Speaking broadly, embryo testing can serve two main purposes. These are often conflated, but are in fact very different.

1. To improve the chance of implantation
The main question for the HFEA to consider is the effectiveness of a technology in achieving this. There have been many years of heated debate about PGS and its effectiveness, and it is not clear to us that there is any evidence for increasing the number of genetic variations that are included in PGS.
Furthermore, there is an unhelpful tendency – which the HFEA should resist, for the benefit of patients and professionals alike – to talk of PGS as a technology for improving implantation per se rather than a technology for improving the chance of implantation. This is very misleading. PGS involves selecting embryos in an attempt to improve the implantation rate per embryo transferred.
If the reason for testing is not to improve the chance of implantation but rather to avoid implanting embryos with certain disorders, then this needs to be stated clearly. There are established criteria for evaluating such screening programmes.
Setting aside public health arguments and concerns about which conditions to screen for, there are clear criteria on the need to understand the test and the pathways – false negatives, false positives and potential benefits and harms. It would be useful to refer to ongoing discussion about how to implement prenatal arrays, particularly in relation to the complexity of interpreting and managing results.

2. To offer a reproductive choice to patients whose offspring are at increased of genetic disease
(The use of PGD for HLA matching may appear to fall outside of these auspices, but is still relevant as it involves testing a known genetic variant for a known purpose.)
Array-type technologies and the amplification of whole genomes are already used clinically pre- and postnatally. The test is performed within a clinical context, and is focused on generating information that is relevant to the question being asked. Unanticipated findings are minimised.
It has always been the case that unexpected clinically relevant information may be discovered. The issue of feeding back is a clinical responsibility, and is by no means new to genetics community.

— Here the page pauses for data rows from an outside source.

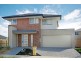 16 Formula Drive, Epping VIC 3076
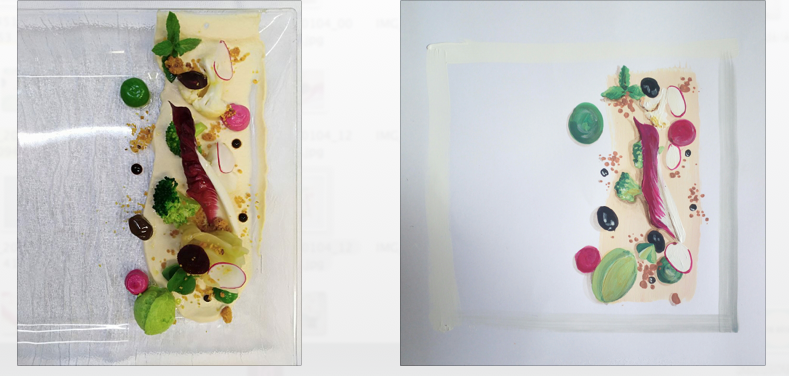 PIATTO LA CANONICA VERDURE_B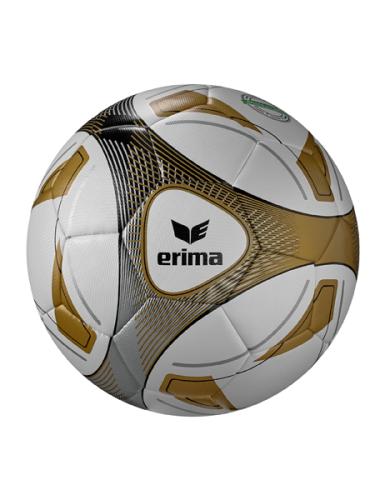 Erima ERIMA Hybrid Training - weiß/gold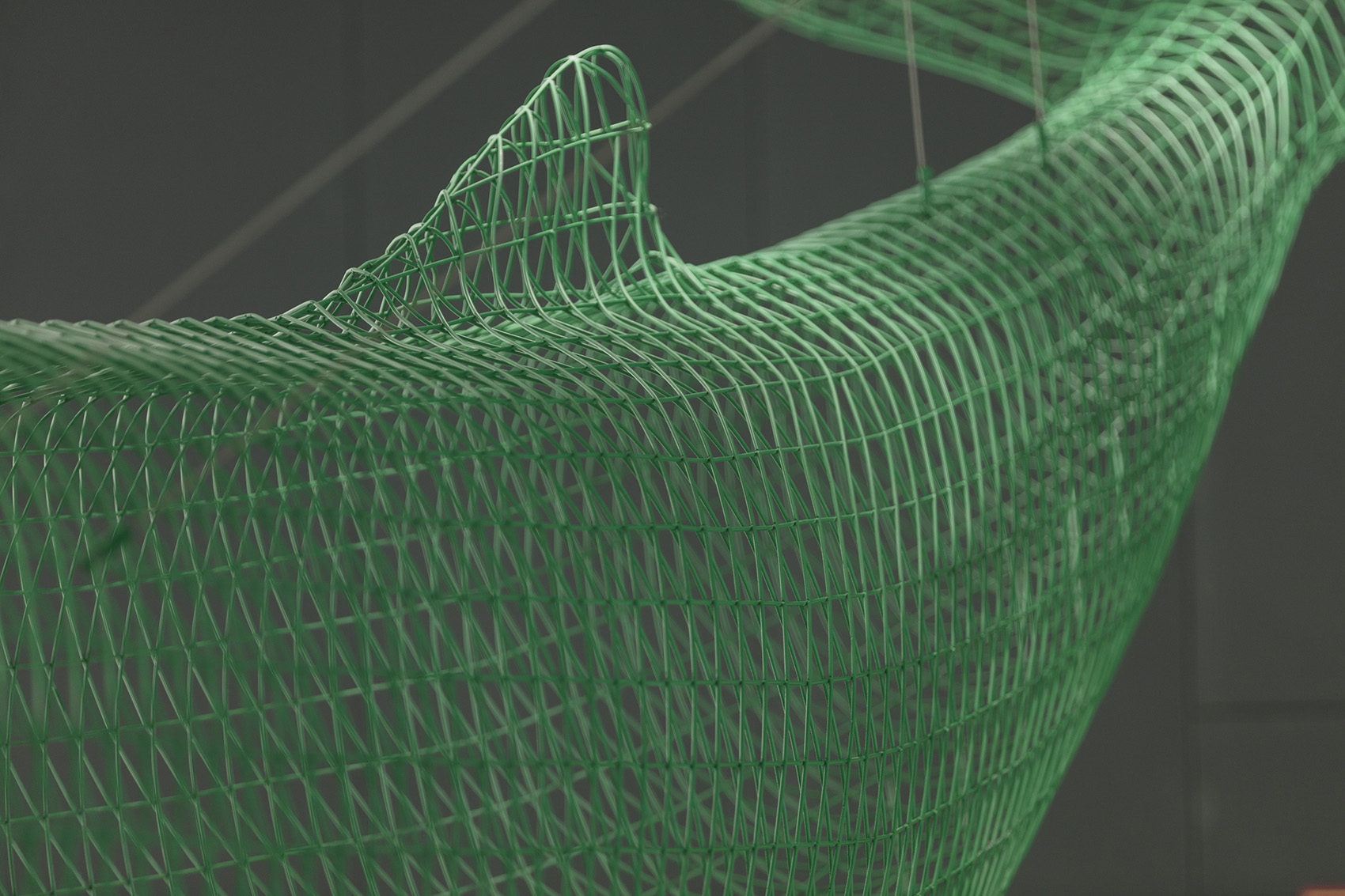 OPPO全球首家超级旗舰店·Whale,上海 / 东仓建设-55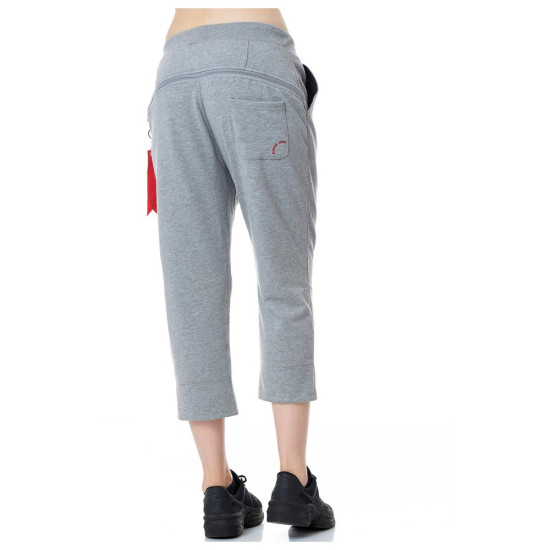 Bodytalk Γυναικείο παντελόνι φόρμας Bodytalk Γυναικείο παντελόνι φόρμας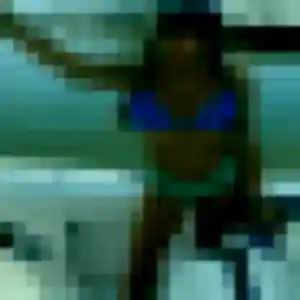 Marie-Pierre, 54 ans, disponible à Saint-Vougay pour un rencontre cougar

The challenge with use of these new technologies is how to maximise clinically relevant information (the 'signal') and minimise other information (the 'noise'). We have only a limited understanding of the clinical consequences of much genetic variation. Interpreting this variation is an immense challenge, which must not be underestimated.

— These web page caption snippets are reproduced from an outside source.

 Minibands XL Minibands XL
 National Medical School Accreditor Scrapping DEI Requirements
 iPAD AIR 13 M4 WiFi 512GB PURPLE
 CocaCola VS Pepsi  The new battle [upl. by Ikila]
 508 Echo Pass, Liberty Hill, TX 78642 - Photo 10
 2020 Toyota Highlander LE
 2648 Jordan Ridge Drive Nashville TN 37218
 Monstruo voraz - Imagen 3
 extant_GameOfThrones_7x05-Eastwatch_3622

Contrary to what is implied by the HFEA's email, in PGD it is already possible to test for two or more conditions if there is a clinical indication. Licences are issued on a condition-by-condition basis, and therefore to screen for multiple conditions with no prior risk would be a significant variation to current licensing processes.
As stated above, if the suggestion is that array or sequencing technologies could be used for a more general screen, this may be considered similar to the use of prenatal arrays. However, prenatal arrays are not generally used in a low-risk pregnancy. Guidelines on this area are currently being produced by the Joint Committee on Genomics in Medicine, but have not yet been finalised.
A key point, that must be recognised and clearly communicated, is that increasing the number of possible findings that are reported will reduce the number of embryos for implantation. This in turn will reduce the chance of a successful outcome for patients.